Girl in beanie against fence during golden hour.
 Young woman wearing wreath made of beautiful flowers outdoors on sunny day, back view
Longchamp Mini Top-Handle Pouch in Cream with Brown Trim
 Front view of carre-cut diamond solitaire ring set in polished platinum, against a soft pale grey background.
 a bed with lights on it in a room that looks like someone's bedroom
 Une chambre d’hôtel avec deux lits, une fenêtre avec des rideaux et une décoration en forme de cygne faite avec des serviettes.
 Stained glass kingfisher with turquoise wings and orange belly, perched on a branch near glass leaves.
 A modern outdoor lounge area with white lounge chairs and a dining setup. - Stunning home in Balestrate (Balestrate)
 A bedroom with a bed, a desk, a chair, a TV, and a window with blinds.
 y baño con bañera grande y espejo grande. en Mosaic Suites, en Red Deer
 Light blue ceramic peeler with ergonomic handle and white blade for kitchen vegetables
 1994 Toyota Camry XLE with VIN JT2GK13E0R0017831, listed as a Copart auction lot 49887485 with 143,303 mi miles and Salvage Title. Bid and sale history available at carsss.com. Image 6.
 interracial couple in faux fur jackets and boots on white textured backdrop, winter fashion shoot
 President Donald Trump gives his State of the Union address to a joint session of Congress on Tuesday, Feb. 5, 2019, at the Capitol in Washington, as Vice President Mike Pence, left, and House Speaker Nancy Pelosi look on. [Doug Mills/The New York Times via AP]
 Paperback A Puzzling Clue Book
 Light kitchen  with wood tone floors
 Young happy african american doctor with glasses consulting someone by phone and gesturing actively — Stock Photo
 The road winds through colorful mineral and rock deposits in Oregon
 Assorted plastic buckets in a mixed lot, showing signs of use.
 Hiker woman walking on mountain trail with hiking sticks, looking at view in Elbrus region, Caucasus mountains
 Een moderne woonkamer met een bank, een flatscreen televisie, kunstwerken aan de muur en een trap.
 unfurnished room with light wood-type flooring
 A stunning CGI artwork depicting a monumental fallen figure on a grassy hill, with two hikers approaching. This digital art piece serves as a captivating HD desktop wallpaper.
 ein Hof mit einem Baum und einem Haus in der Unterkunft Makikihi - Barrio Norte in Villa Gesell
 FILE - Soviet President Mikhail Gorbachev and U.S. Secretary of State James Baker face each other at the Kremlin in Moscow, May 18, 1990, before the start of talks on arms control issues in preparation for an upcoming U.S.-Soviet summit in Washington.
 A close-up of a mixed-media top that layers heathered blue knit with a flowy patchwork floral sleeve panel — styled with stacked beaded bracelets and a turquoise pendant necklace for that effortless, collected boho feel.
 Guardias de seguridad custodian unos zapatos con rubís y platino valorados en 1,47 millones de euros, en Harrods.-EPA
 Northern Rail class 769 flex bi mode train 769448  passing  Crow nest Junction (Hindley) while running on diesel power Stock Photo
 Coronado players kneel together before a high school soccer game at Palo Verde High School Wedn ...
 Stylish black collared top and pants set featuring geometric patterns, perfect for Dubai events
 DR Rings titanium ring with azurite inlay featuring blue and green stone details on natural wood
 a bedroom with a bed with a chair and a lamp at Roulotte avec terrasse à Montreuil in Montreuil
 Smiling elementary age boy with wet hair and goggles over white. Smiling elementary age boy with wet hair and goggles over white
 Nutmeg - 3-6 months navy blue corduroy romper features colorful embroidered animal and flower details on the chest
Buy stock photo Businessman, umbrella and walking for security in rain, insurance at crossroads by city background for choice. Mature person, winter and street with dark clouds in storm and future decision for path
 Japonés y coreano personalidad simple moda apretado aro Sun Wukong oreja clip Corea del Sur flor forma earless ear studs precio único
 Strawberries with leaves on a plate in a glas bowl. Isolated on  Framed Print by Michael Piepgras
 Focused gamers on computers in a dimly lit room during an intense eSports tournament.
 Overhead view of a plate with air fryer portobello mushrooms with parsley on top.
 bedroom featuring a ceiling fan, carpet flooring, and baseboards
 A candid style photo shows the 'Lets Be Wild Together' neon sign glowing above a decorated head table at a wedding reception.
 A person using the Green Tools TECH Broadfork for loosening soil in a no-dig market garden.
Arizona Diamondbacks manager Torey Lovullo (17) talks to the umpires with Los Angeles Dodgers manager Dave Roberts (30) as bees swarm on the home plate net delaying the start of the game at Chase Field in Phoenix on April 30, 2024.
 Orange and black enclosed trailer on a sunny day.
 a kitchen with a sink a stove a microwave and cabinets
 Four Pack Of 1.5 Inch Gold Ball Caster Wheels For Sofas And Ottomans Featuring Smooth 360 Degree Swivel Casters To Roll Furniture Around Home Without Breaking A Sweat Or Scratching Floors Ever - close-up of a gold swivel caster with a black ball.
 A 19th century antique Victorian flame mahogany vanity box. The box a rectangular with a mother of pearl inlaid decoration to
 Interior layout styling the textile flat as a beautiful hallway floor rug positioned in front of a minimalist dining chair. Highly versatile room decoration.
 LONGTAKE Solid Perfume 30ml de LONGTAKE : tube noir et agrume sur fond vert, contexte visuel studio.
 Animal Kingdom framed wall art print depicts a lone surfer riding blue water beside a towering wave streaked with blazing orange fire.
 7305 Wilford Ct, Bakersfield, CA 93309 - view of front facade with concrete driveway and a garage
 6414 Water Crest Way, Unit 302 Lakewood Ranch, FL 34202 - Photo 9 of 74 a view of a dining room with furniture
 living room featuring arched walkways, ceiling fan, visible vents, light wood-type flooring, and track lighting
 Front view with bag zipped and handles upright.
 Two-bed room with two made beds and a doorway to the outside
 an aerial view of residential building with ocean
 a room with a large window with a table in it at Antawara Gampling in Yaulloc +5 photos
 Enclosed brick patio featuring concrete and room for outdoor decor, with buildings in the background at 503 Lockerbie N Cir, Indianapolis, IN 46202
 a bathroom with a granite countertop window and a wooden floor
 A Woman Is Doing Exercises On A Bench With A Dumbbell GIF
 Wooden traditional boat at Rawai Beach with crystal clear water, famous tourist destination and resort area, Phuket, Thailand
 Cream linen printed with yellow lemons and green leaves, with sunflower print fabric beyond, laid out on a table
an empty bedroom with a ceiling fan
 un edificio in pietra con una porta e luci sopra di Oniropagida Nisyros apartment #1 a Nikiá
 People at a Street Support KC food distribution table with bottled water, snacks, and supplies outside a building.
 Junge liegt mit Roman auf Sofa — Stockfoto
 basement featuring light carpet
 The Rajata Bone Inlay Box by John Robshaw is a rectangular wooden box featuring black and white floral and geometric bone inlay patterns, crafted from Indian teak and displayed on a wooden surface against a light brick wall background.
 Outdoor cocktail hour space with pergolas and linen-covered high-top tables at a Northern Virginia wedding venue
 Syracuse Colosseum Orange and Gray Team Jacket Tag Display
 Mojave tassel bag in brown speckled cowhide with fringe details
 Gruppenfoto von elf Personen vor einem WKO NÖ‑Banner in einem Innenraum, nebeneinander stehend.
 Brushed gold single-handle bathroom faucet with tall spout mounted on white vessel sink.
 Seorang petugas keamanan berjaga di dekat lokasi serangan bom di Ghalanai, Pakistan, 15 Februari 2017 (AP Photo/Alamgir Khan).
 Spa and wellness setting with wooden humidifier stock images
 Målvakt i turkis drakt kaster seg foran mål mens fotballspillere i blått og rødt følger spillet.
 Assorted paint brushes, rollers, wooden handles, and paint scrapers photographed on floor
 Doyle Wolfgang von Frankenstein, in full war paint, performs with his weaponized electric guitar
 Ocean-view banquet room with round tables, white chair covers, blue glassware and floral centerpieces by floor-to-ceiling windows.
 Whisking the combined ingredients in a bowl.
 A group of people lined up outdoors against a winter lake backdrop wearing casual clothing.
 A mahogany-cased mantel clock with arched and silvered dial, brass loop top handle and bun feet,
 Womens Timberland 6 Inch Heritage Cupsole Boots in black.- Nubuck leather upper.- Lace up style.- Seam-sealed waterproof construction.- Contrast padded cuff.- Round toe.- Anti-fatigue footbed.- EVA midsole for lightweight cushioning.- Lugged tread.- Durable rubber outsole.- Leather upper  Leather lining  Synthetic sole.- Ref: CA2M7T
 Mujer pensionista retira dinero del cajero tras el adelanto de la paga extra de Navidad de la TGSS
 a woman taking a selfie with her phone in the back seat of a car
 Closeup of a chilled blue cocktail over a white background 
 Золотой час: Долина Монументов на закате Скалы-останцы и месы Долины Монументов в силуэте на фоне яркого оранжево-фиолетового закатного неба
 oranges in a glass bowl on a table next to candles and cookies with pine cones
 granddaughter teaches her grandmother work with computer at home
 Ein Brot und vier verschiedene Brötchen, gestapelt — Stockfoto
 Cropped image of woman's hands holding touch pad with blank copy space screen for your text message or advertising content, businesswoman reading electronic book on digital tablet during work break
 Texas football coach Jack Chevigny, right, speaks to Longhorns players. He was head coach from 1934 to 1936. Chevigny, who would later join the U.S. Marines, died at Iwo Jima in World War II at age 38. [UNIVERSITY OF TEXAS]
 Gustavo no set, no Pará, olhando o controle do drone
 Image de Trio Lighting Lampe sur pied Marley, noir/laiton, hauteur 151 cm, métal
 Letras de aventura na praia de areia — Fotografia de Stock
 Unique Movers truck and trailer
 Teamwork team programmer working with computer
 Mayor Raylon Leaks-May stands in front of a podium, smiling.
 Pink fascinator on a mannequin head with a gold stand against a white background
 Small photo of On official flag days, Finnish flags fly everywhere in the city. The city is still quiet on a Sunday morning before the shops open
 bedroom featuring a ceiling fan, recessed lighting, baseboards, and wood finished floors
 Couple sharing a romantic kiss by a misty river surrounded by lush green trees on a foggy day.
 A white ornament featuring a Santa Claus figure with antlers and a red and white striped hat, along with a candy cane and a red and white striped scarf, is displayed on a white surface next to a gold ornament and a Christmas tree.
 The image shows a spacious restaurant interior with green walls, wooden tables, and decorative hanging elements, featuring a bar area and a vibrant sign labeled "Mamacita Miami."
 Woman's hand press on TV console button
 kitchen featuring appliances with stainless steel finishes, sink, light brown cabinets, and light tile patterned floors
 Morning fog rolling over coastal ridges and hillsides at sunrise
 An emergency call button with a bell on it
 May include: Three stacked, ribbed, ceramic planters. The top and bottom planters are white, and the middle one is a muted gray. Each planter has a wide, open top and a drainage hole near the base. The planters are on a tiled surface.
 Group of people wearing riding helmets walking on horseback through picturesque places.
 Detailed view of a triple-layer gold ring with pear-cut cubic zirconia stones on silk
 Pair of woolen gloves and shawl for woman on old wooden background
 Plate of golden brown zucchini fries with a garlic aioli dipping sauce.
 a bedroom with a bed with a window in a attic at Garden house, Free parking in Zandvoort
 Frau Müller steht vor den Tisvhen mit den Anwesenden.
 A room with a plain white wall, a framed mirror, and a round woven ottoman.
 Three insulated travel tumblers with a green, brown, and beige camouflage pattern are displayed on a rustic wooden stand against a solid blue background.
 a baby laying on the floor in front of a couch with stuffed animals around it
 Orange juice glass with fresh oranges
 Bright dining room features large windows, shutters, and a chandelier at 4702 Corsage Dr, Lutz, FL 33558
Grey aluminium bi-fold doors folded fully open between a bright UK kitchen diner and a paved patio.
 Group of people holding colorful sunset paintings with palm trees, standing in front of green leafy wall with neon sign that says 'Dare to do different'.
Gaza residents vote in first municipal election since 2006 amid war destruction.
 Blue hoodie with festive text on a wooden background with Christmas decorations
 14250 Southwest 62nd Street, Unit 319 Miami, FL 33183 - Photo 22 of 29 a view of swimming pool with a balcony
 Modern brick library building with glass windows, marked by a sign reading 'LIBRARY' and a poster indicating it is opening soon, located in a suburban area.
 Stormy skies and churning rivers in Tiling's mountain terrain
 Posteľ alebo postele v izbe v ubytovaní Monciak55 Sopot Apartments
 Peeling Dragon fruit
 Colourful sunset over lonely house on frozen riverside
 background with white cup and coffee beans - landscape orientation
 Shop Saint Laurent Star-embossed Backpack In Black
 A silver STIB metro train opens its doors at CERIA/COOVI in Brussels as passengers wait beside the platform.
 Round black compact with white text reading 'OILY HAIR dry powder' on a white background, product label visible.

================================

| WHAT THE TASK ASKS |
Would you please copy, word for word, everything above from the line containing "Focused gamers on" down to the line containing "A person using", those two lines included?

| RESULT OF THE EXERCISE |
 Focused gamers on computers in a dimly lit room during an intense eSports tournament.
 Overhead view of a plate with air fryer portobello mushrooms with parsley on top.
 bedroom featuring a ceiling fan, carpet flooring, and baseboards
 A candid style photo shows the 'Lets Be Wild Together' neon sign glowing above a decorated head table at a wedding reception.
 A person using the Green Tools TECH Broadfork for loosening soil in a no-dig market garden.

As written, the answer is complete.